Iraqi Vice President Taha Yassin Ramadan appeared on Iraqi television, saying that captured U.S. soldiers would soon be shown on television. U.S. officials deny any coalition soldiers have been captured by the Iraqis and have shown video of hundreds of Iraqis surrendering.
Mr. Ramadan also said allied troops are moving so quickly in their desert drive north because Iraq is deliberately allowing them to move uncontested to Baghdad. He said the coalition forces would be defeated once they near the capital city.
Iraq's information minister, Mohammed Saeed al-Sahaf, said 77 civilians were killed and 366 injured when, what he called cluster bombs were dropped Saturday on the southern Iraqi city of Basra. Mr. al-Sahaf accused coalition forces of targeting residential areas in Basra. There has been no independent confirmation of his claims.

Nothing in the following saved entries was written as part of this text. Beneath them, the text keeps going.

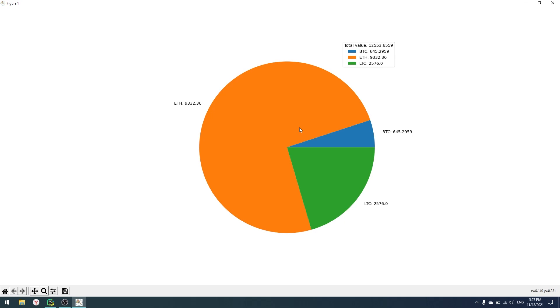Hello everyone, my name is Andrew. Today we're still learning Python, and today I will show you how to build a pie chart in Matplotlib, Python and Binance API to track your crypto portfolio. So let's start.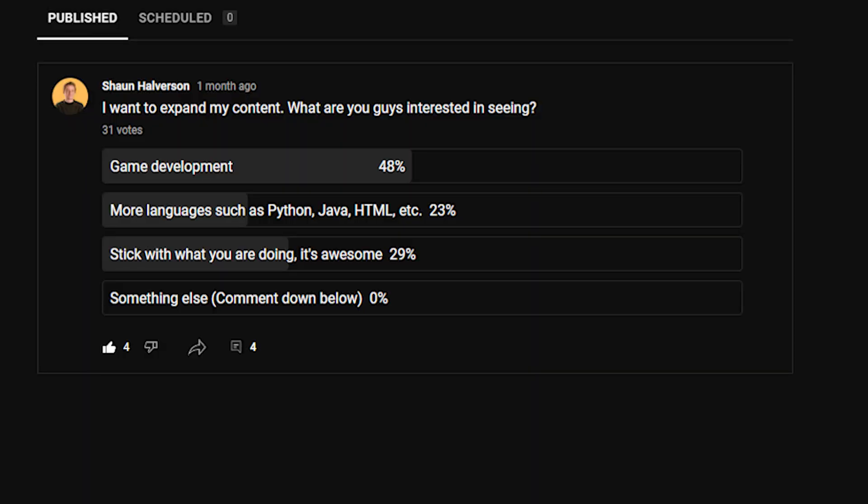What's up random internet people? Today we're going to be learning about how to code a countdown timer in Python. Recently I had a poll on my channel asking what you'd like to see in terms of content. A lot of you answered that you'd like to see more languages — I usually specialize in C#, but I know Python as well, so today we'll be learning how to code a countdown timer in Python and it should be pretty easy.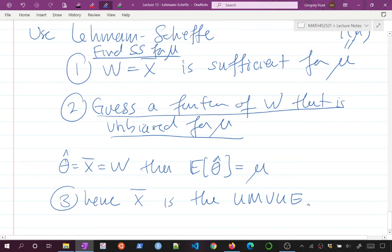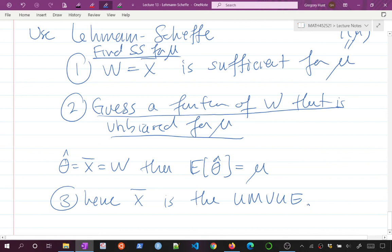Having gone through all that work deriving the Cramér-Rao lower bound, you can now appreciate how simple Lehmann-Scheffé is. Technically, at the PhD level you'd have to show x-bar is not only sufficient but complete sufficient. In this course, I'm not going to give you something that's not complete — so if it's sufficient, and it's a simple function unbiased for mu, you're done. X-bar is the UMVUE for mu.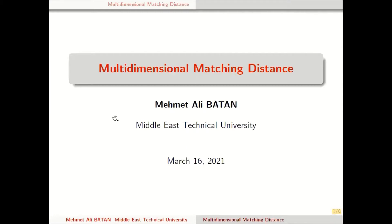Hi, everyone. In this video, I will mention a distance in n-parameter persistence homology, a so-called multidimensional metric distance. Before giving the definition of the multidimensional metric distance, I will give some backgrounds and the definition itself. Then I will give some properties about that distance.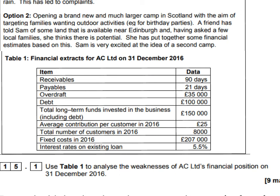Looking at the financial data, there's receivables, payables, an overdraft amount, debt, total long-term funds invested into the company, average contribution per customer in 2016, total number of customers, fixed costs, and interest rates on the existing loan. The question asks you to use table 1 to analyse the weakness of AC Ltd's financial position on the 31st of December 2016.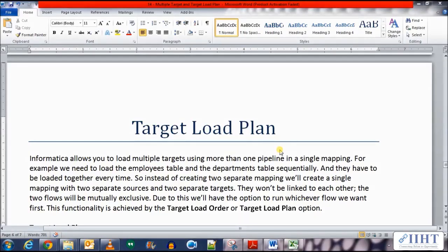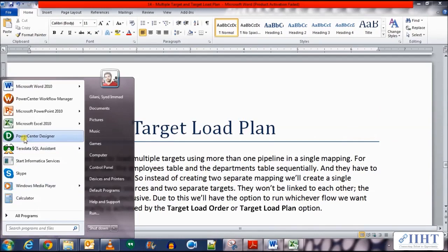Hey guys, hope you're all good. Previously we saw the concept of the target load plan, so let's take a look at an example of it. Informatica allows you to load multiple targets using more than one pipeline in a single mapping. For example, we need to load the employees table and the departments table sequentially, and they have to be loaded together every time. Instead of creating two separate mappings, we'll create a single mapping with two separate sources and two separate targets. They won't be linked to each other and the two flows will be mutually exclusive. Due to this, we'll have the option to run whichever flow we want first. This functionality is achieved by the target load operator or the target load plan.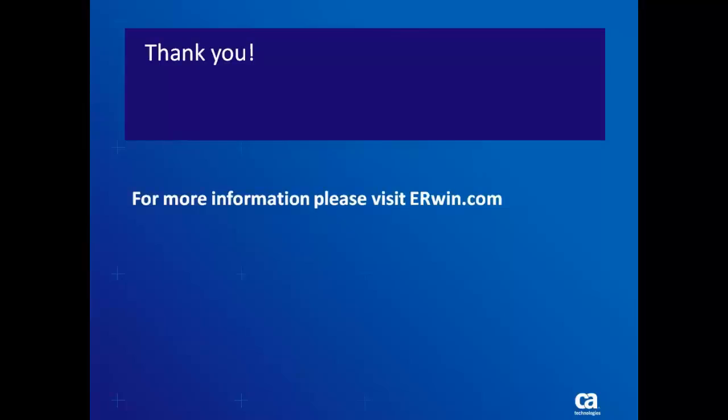For more information and videos, please visit Erwin.com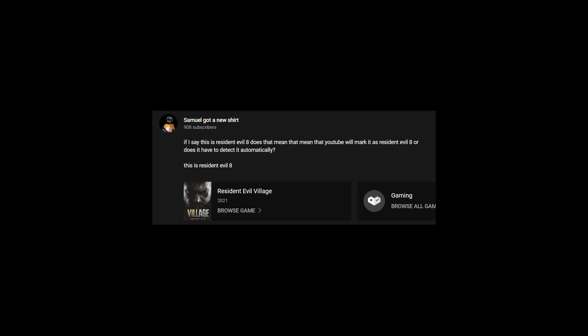If I say that this is Resident Evil 8, does that mean that YouTube will mark it as Resident Evil 8? Or does it have to detect it automatically? This is Resident Evil 8.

Although U.S. officials have not reported the loss of any American aircraft in combat, senior Iraqi officials told reporters in Baghdad that Iraq's air defense system has shot down five coalition fighter aircraft and two helicopters.
Iraqi state-run television showed President Saddam Hussein wearing a military uniform and smiling during a meeting with his top advisers. It could not be determined when or where the video of the Iraqi president was recorded.
Earlier, coalition forces bombarded the Iraqi leader's hometown of Tikrit. In Baghdad, new explosions rocked the capital, including a blast in the center of the city and others on its outskirts.
In neighboring Syria, Iraqi Foreign Minister Naji Sabri warned Turkey, another of its neighbors, against supporting a U.S.-led war against Baghdad.
Turkey is allowing U.S. aircraft to fly through Turkish airspace, but has denied a Washington request to station 62,000 U.S. troops on Turkish soil.